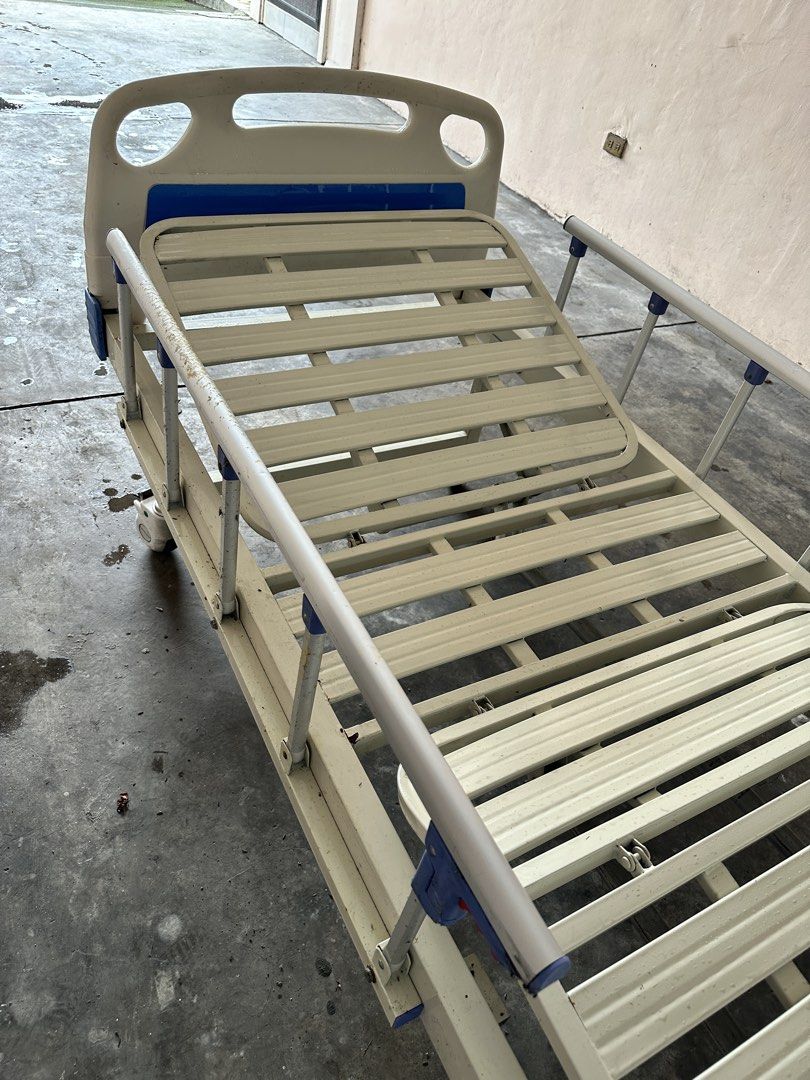Primaplus Adjustable Hospital Bed 2 Cranks (Category: Medical Supplies & Tools) located in Paranaque City. Submitted by syntaxcode (Listing ID 1457146876, Image 3). Description: Primaplus brand Hospital Bed 2 Cranks - Adjustable, Mobile wheels Well used 8/10 condition, paint chipping sa side rail guards and metal parts. Overall usable and working. Includes IV rod stand, food tray - Adjustable hospital bed for comfort and ease of use. - Features s
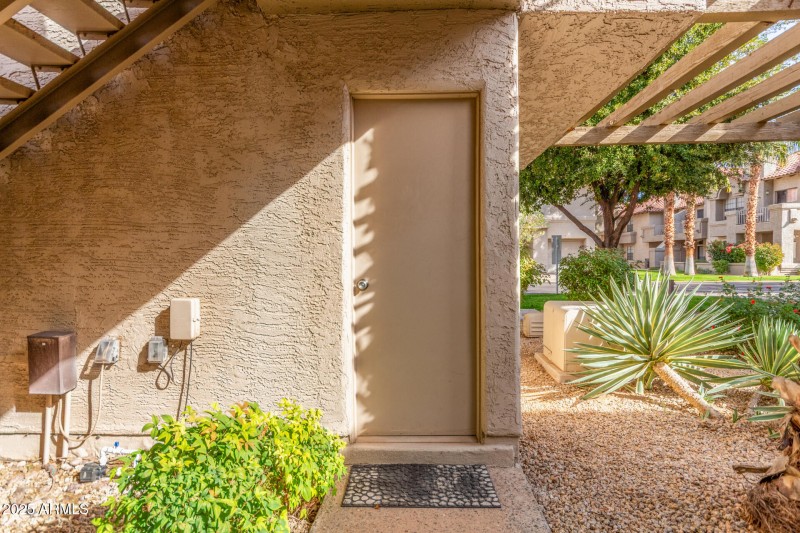 Door to garage across from unit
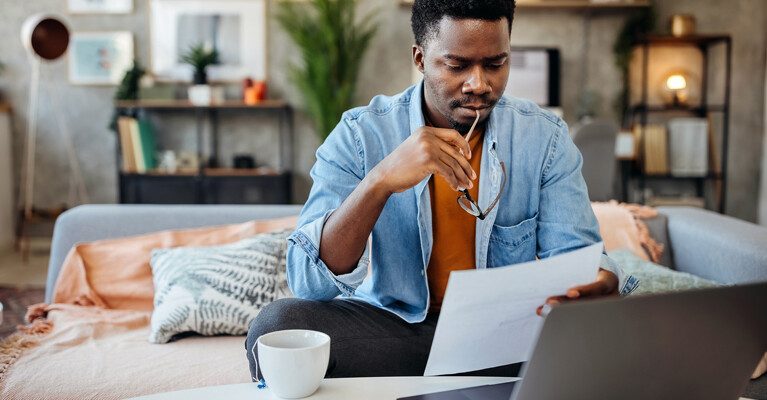 A man reviewing documents.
==========
## Task instructions
A word-for-word copy of all the data, without pictures, is the expected output.

## Result
Primaplus Adjustable Hospital Bed 2 Cranks (Category: Medical Supplies & Tools) located in Paranaque City. Submitted by syntaxcode (Listing ID 1457146876, Image 3). Description: Primaplus brand Hospital Bed 2 Cranks - Adjustable, Mobile wheels Well used 8/10 condition, paint chipping sa side rail guards and metal parts. Overall usable and working. Includes IV rod stand, food tray - Adjustable hospital bed for comfort and ease of use. - Features s
 Door to garage across from unit
 A man reviewing documents.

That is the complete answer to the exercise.